# Issue with OpenBGPD



## CHIKHI (Jun 22, 2015)

Hi,

I'm adding a static route to the OpenBGPD process. The route is distributed correctly.
But when I delete the route, OpenBGPD still distribute it, even it is no longer in the routing table (`netstat -rn4`).

I have to restart the OpenBGPD process to delete the route.
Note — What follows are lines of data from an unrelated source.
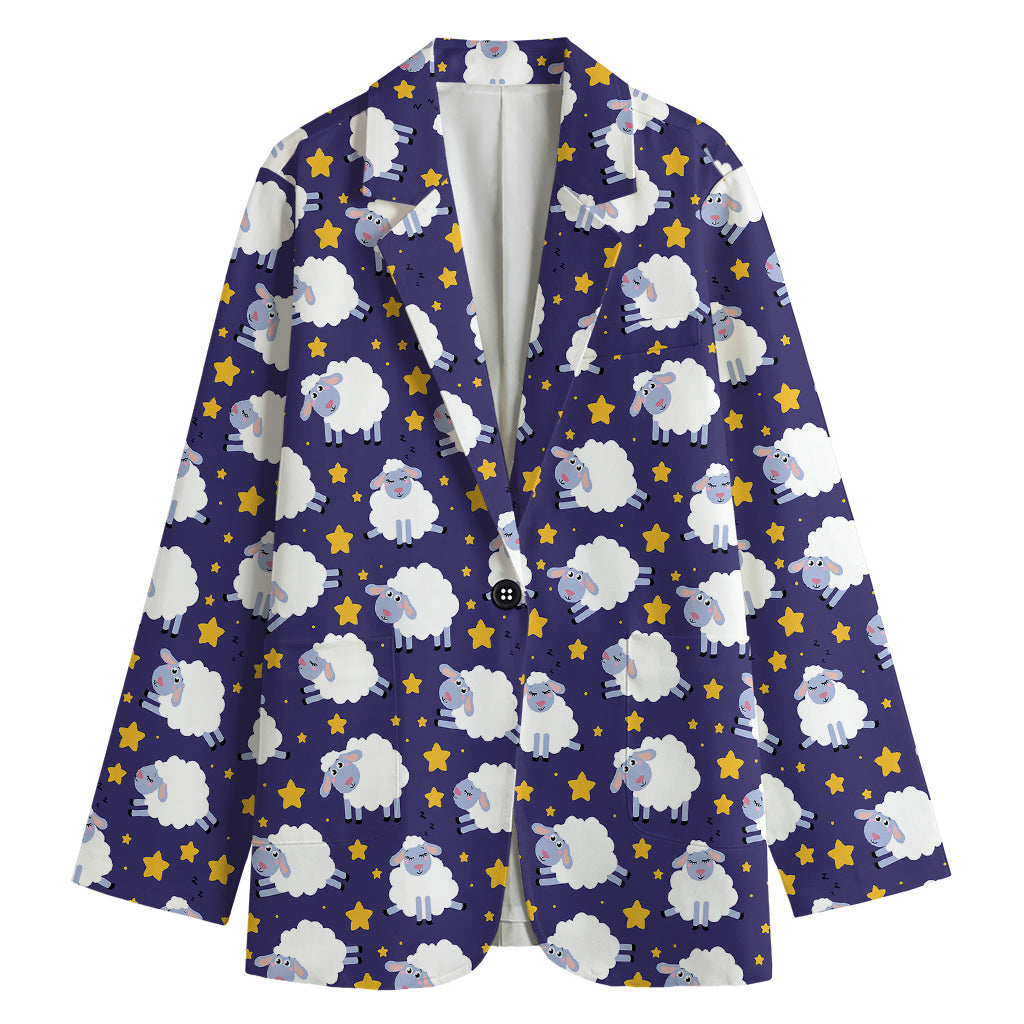 Star And Sheep Pattern Print Women's Blazer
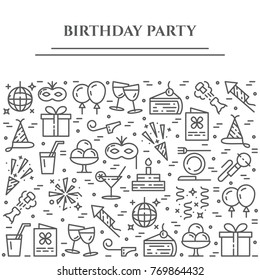 Birthday party banner with pictograms of different celebration and greeting b-day elements collected in form of horizontal rectangle. Vector illustration of isolated outline icons with editable stroke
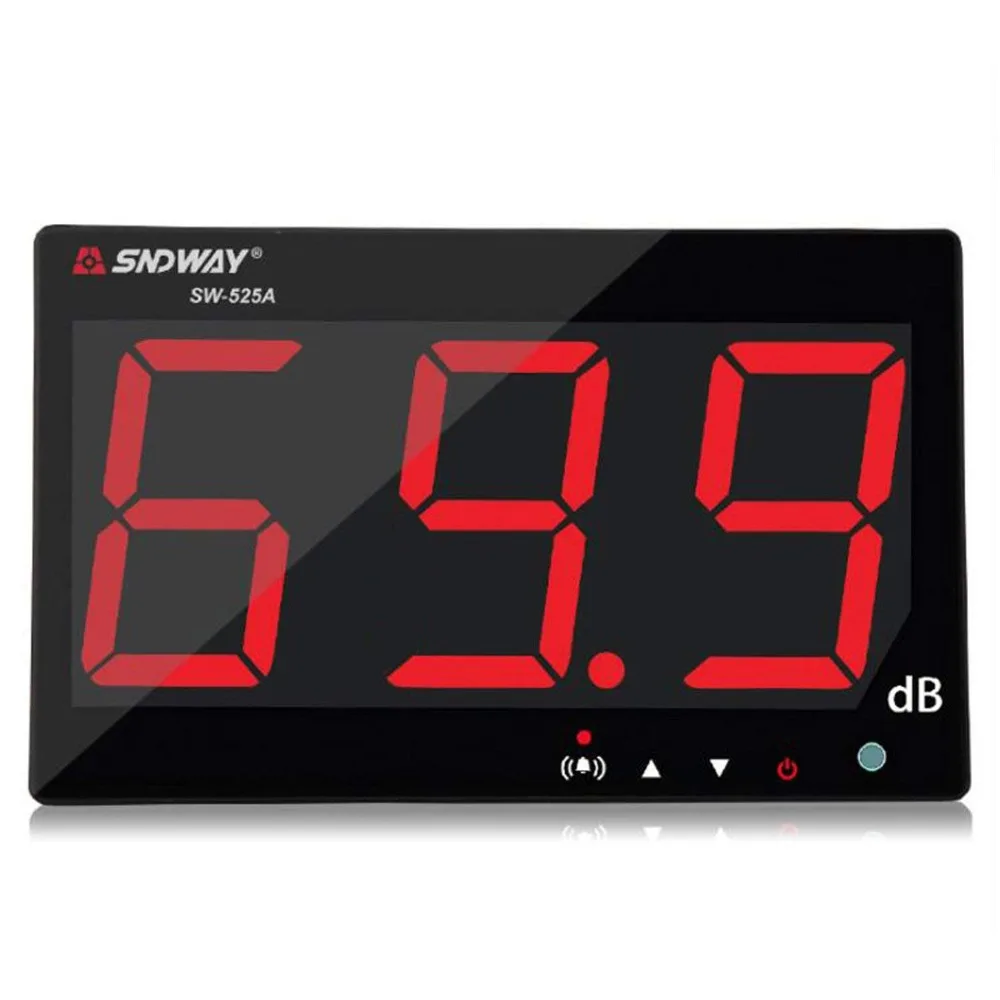 SNDWAY SW-525A 30-130dB Digital Sound Level Meter with Large LCD Display Noise Meter Decibel Wall Mounted Hanging (525A)
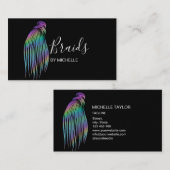 Carte De Visite Holographique moderne cheveux Braider, tresses, tr (Devant / Derrière)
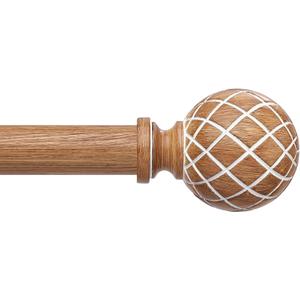 Wood Curtain Rods for Windows 30 to 56 Inch, 1 Inch Diameter Adjustable Heavy Duty Wooden Curtain Rod with Unique Faux Wood cobweb Finials, Boho Vintage Decorative Drapery Rod for Farmhouse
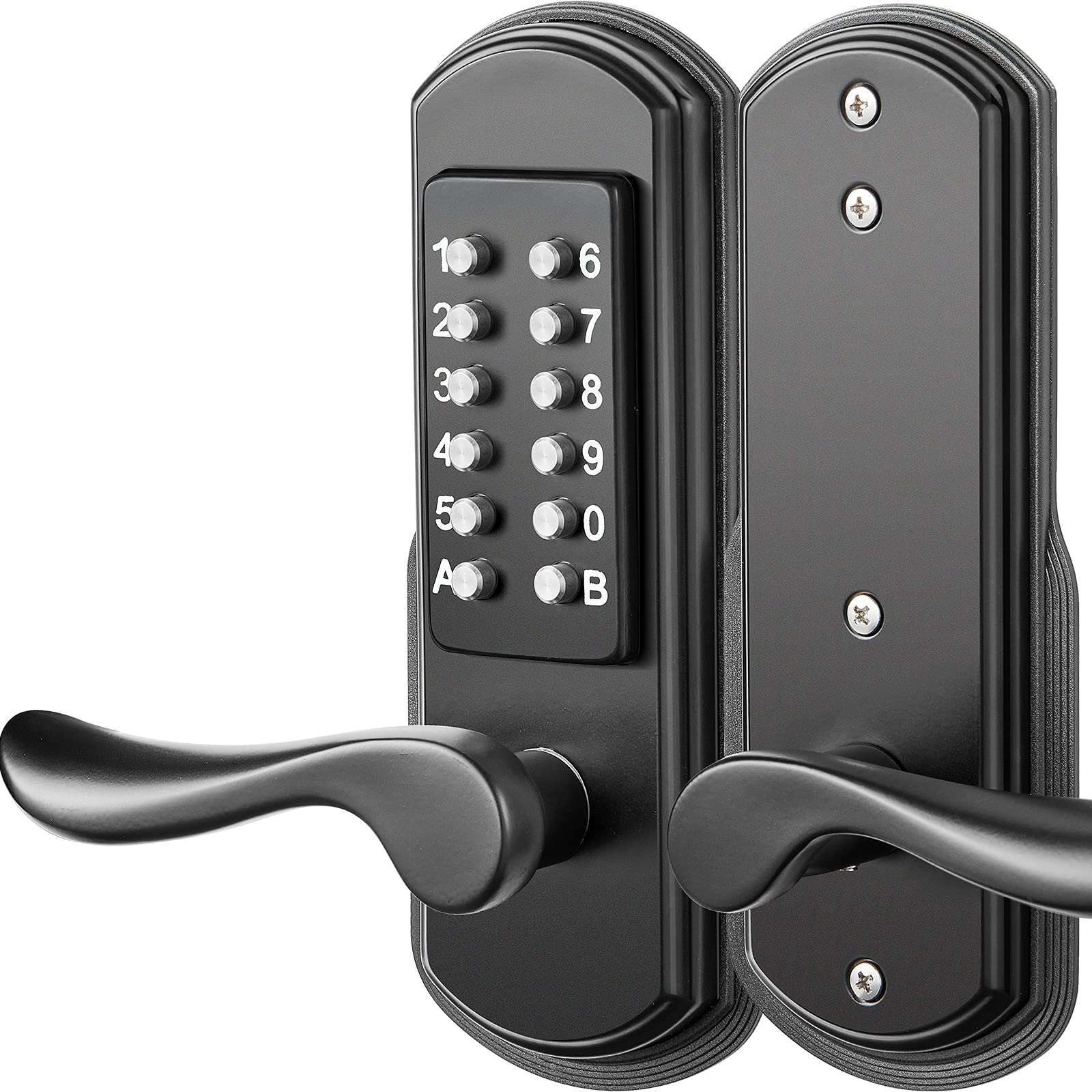 Elemake Keyless Entry Door Lock with Keypad & Handle - Left-Handed Mechanical Door Lever Lock (Not Deadbolt) - Perfect for Home, Office & Apartment Security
Is there any way to force OpenBGPD to delete the routes without restart?

Thanks!


----------



## junovitch@ (Jun 22, 2015)

I only used net/openbgpd briefly before settling on net/bird so I'm not sure how much help I can provide.  I guess to start your bgpd.conf configuration for this section would be helpful.  Does `bgpctl reload` work to trigger a refresh of the kernel FIB down to the BGP routing table?


----------



## CHIKHI (Jun 22, 2015)

No, unfortunately it doesn't help.


----------



## Oko (Jun 22, 2015)

CHIKHI said:


> No, unfortunately it doesn't help.


I would ask on misc@openbsd. Even though that you are not running OpenBGPD on its native platform it is likely that people will be able to help you.


----------



## junovitch@ (Jun 22, 2015)

I think Oko's recommendation may be the best idea.  I would think there would be an option to have OpenBGPD check the kernel FIB periodically to propagate the changes that someone more familiar with OpenBGPD can assist with.


----------



## CHIKHI (Jun 23, 2015)

Ok thanks all for you help. I'm going to ask on misc@openbsd.


----------